Out-Law News | 11 Jun 2015 | 2:46 pm | 3 min. read

Lease provisions that would ultimately increase service charges payable by the tenants of a number of holiday homes near Swansea to more than £1 million a year should be allowed to stand, the UK's highest court has ruled.

Four out of five Supreme Court judges agreed that a provision increasing the amount of the service charge by 10% each year, regardless of any change in the cost to the landlord of providing services covered by the charge, was legally sound. In his leading judgment, Lord Neuberger said that courts could not rewrite contractual provisions simply because they did not seem commercially sensible for one party to have signed up to.
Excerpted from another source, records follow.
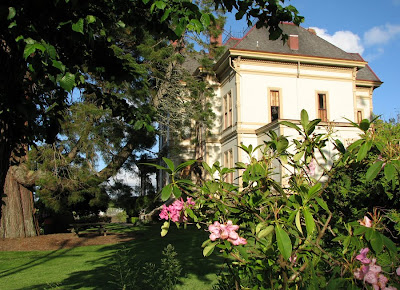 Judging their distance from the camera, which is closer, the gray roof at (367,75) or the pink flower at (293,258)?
the pink flower at (293,258)

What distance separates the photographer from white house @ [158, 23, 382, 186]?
Answer: 20234mm

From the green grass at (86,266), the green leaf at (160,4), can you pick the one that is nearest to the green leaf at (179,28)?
the green leaf at (160,4)

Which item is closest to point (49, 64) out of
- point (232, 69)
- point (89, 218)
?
point (232, 69)

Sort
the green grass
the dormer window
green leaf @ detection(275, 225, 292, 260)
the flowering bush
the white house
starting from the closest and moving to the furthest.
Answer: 1. green leaf @ detection(275, 225, 292, 260)
2. the flowering bush
3. the green grass
4. the white house
5. the dormer window

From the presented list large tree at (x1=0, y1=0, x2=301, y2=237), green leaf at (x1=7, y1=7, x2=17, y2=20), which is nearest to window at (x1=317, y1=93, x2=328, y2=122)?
large tree at (x1=0, y1=0, x2=301, y2=237)

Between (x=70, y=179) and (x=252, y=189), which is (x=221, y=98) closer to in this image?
(x=70, y=179)

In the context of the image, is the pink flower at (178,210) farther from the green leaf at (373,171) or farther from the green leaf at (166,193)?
the green leaf at (373,171)

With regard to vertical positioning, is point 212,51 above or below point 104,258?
above

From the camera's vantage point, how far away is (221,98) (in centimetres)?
2277

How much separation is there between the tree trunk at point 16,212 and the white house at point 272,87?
10.2 m

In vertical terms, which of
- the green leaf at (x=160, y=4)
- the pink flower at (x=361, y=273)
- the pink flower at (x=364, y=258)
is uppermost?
the green leaf at (x=160, y=4)

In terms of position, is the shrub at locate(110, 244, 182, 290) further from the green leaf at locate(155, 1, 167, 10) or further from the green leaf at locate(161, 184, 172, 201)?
the green leaf at locate(155, 1, 167, 10)

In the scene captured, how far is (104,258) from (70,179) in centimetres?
460

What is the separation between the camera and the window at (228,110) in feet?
69.7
Property litigation expert Melissa Thompson of Pinsent Masons, the law firm behind Out-Law.com, said that the decision was a useful reminder of the rules governing interpretation of contracts and how these have been developed by the courts over the years.
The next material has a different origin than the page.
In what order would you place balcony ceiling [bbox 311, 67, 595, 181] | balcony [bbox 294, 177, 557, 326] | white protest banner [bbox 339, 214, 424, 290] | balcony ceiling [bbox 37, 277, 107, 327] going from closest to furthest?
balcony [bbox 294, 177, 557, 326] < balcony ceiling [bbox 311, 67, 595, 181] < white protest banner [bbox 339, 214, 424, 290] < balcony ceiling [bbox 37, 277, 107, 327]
"The Supreme Court's decision is a sensible one: the court's function is not to rewrite bad decisions and the terms were probably not considered unreasonable when the leases were entered into," she said.
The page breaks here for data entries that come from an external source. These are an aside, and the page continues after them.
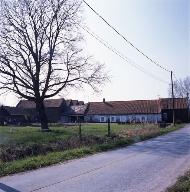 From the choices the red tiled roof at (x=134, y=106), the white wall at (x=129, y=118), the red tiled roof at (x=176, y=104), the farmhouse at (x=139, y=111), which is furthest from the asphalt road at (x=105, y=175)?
the red tiled roof at (x=134, y=106)

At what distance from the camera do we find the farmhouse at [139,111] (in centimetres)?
8719

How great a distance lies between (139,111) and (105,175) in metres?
76.8

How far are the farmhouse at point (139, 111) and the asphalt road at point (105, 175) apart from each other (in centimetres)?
6648

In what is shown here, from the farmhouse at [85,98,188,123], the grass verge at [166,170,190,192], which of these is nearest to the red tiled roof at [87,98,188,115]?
the farmhouse at [85,98,188,123]

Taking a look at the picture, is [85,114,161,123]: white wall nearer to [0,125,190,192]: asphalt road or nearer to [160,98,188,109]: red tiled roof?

"I have some sympathy with the views of Lord Carnwath, who dissented, saying that as the purpose of the charge was to recover costs then the charge should bear some resemblance to those costs. However, that was not what the clause said. Lawyers and their clients have to be able to rely on the wording of their contracts to tell them what their contractual obligations are. Although the decision seems harsh on the face of it, it does give certainty and that is what contracts should provide for," she said.

Tenants of 25 long-leased chalets in the Oxwich Leisure Park near Swansea had challenged a provision in their leases obliging them to pay a fixed yearly service charge subject to a compound annual increase of 10%. Most of these leases were entered into between 1978 and 1991. Other tenants in the same park who had entered into differently-worded contracts only had their service charges increased once every three years.

In his leading judgment, Lord Neuberger said that it was true that the provision had "an alarming consequence" for the tenants on the 25 leases affected. However, this was "not a convincing argument for departing from the natural meaning of the clause", he said.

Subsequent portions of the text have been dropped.